Work to be completed → Set down the data again word for word. Skip any pictures.
** Supplied data follows **
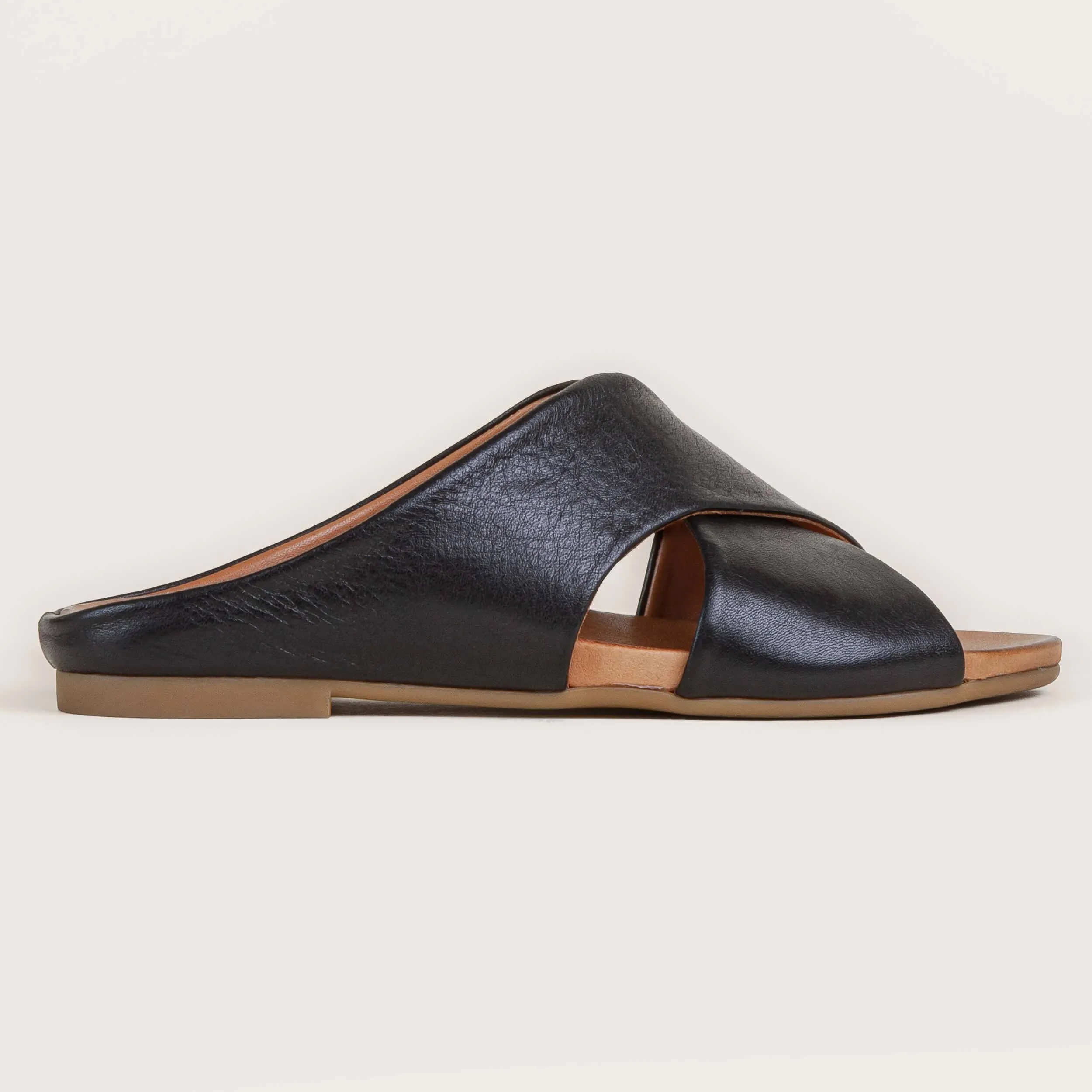 Hampton - Black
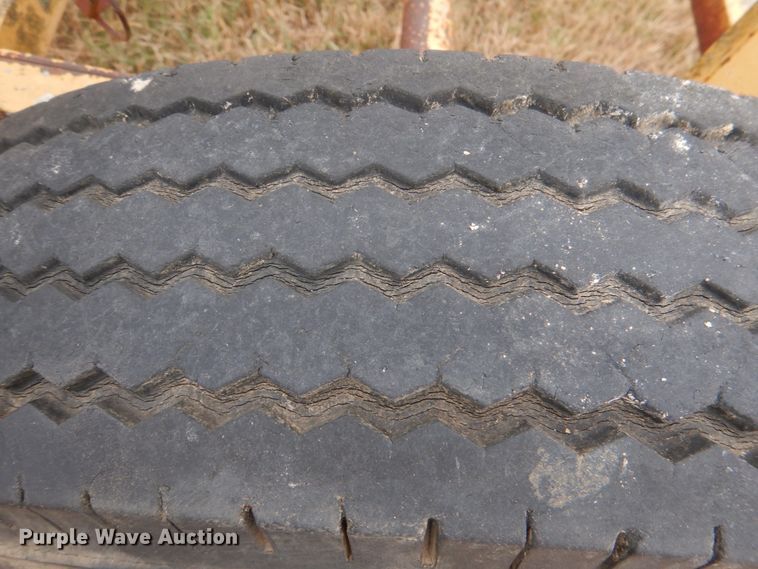 image for item JD9491 Hay Van  hay bale trailer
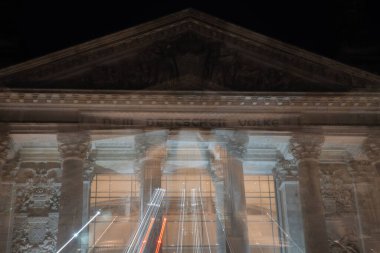 Berlin Almanya 'daki Reichstag binasının aydınlatılmış girişi.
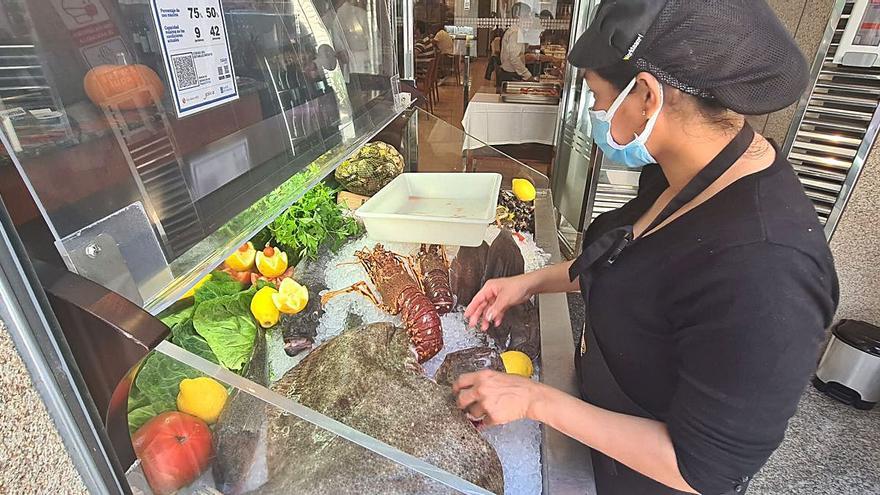 Una cocinera del Solaina selecciona productos en el expositor.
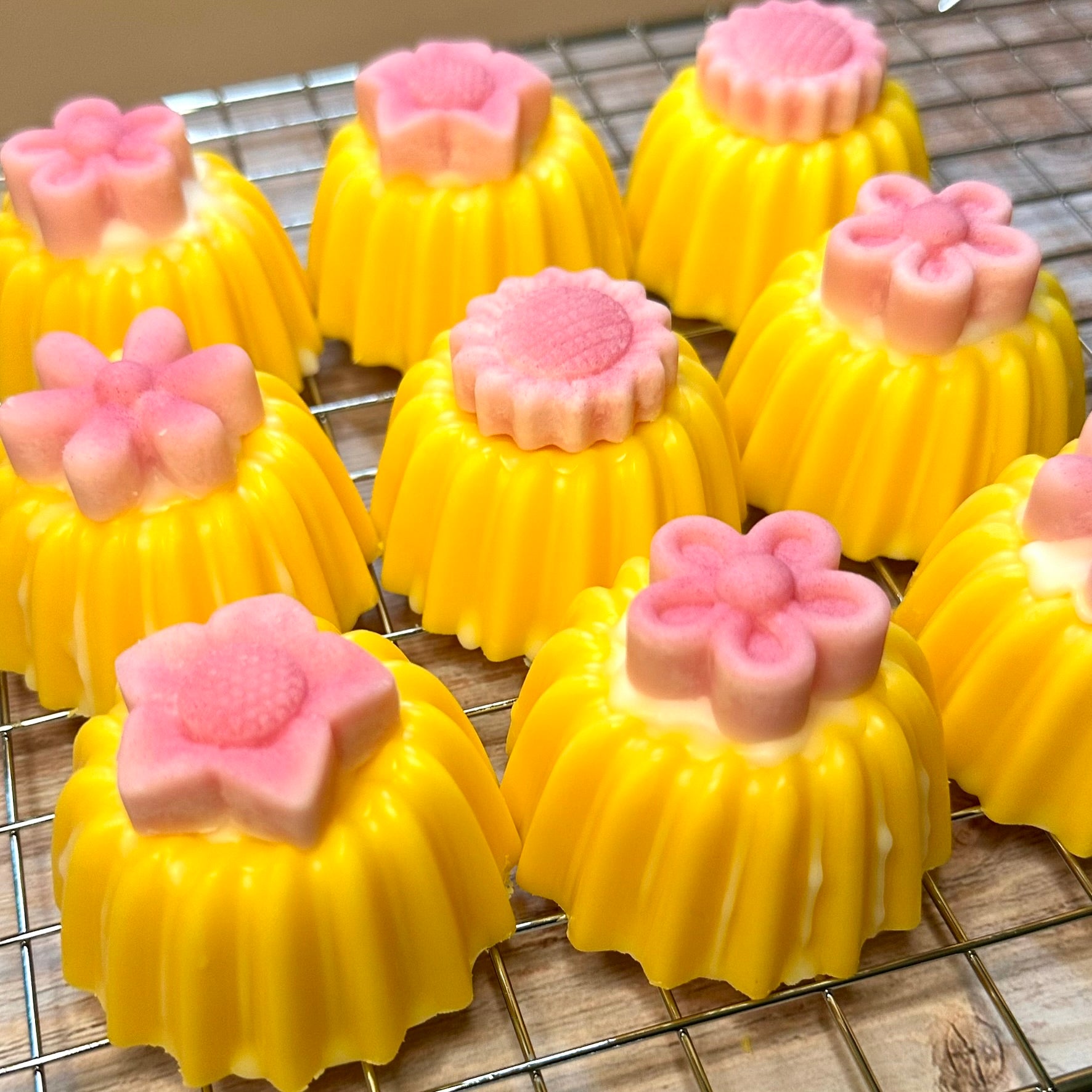 lemon-lush-mini-cake-wax-melts-lemon-creamy-bakery-the-kine-collective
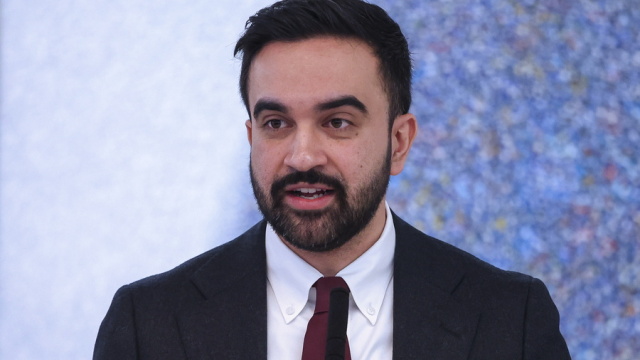 Αυτοσχέδιοι εκρηκτικοί μηχανισμοί κοντά στην κατοικία του Μαμντάνι, «πράξη τρομοκρατίας» λέει το FBI
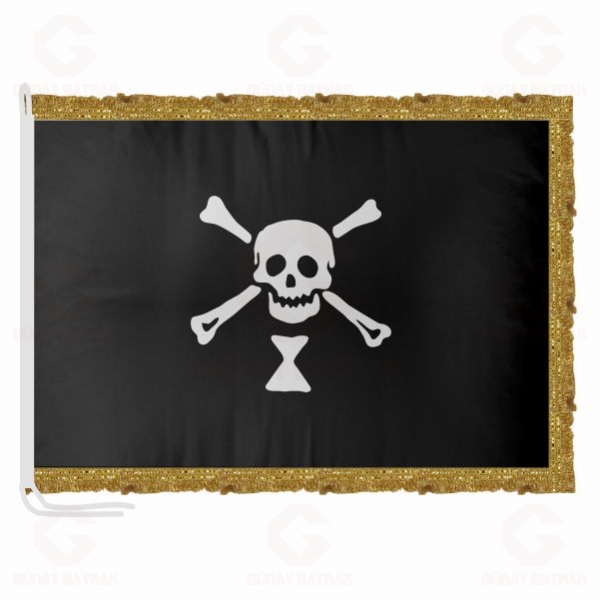 Pirate Of Emanuel Wynn Saten Makam Bayra��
** End of Supplied data **
Answer section →
 Hampton - Black
 image for item JD9491 Hay Van  hay bale trailer
 Berlin Almanya 'daki Reichstag binasının aydınlatılmış girişi.
 Una cocinera del Solaina selecciona productos en el expositor.
 lemon-lush-mini-cake-wax-melts-lemon-creamy-bakery-the-kine-collective
 Αυτοσχέδιοι εκρηκτικοί μηχανισμοί κοντά στην κατοικία του Μαμντάνι, «πράξη τρομοκρατίας» λέει το FBI
 Pirate Of Emanuel Wynn Saten Makam Bayra��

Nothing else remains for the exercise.